4. Are there good caregiving beliefs or behaviours already in existence that could be built upon?

5. Are there basic societal reasons for the lack of availability of care?

Part II. Programme actions: effects of care on nutrition

As the programme develops, what kinds of changes in caregiving behaviours, beliefs, or knowledge will result?

1. What are the behaviours and the cultural beliefs underlying these behaviours that the programme is encouraging, and who is likely to perform these behaviours?

2. What other activities or belief systems will the primary caregiver forego in order to perform these new caring behaviours?

3. Did the programme consider the influence of psychological and social factors on the mother or child? Was there a concern for these factors in prenatal care, birth procedures, or breastfeeding promotion? Was there a concern for the social and emotional aspects of the weaning and feeding process?

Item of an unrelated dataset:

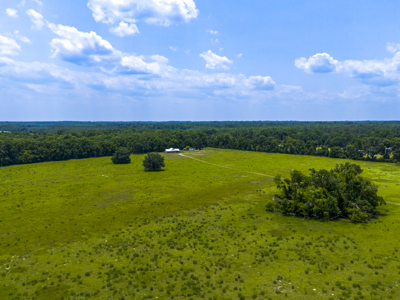 Country Home on 40 acres for Sale in Suwannee County, Florida - image 35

Part III. Programme actions: effect of the child on care

Did the programme consider ways in which characteristics of the child might influence the kinds of caregiving received? Are there parental beliefs that might mean that certain kinds of children are more likely to benefit from the programme than others?

1. Will girl children be affected more or less than boy children?

2. Will the child's anorexia or appetite, energy level, or health or nutrition status influence his or her programme participation?

3. Are there other conditions, such as physical handicaps, that might influence programme participation?

4. Does the programme consider developmental changes in the child's needs for care? Is the programme addressing the appropriate age group?

Part IV. Programme actions: constraints to care

Describe the availability of care at either the household or the community level, and identify possible constraints to that care. Are any of the following factors constraints to care? If so, how can the constraint be ameliorated?

1. Physical ill health of the mother or other caregiver.

2. Lack of self-confidence, depression, or stress.

3. Beliefs about child-rearing and feeding, about who should control the amount of food young children eat, and lack of education or information about child-rearing practices that would achieve parents' goals for children.

4. Excessive workload of mother or other caregiver to achieve household food security; excessive workload for home production and child care or inequitable division of labour; lack of responsibility of other family members (e.g., father).

5. Lack of social support: emotional support, instrumental support (assistance), or informational support from family, community, or services.

6. Absence of resources or lack of control of resources by caregiver.

Part V. Programme actions: basic causes of constraints to care

Has the programme attempted to address any of the basic societal causes of constraints to care observed initially?

1. Technical or material conditions of production.

2. Social conditions of production.

3. Political factors.

4. Ideological or cultural factors.

Part Vl. Evaluation

What indicators of changes in caring behaviours could be used to assess the effectiveness of the programme? Are there measures to assess changes in the caregiver's behaviour, in the child's behaviour, and in developmental outcomes for children?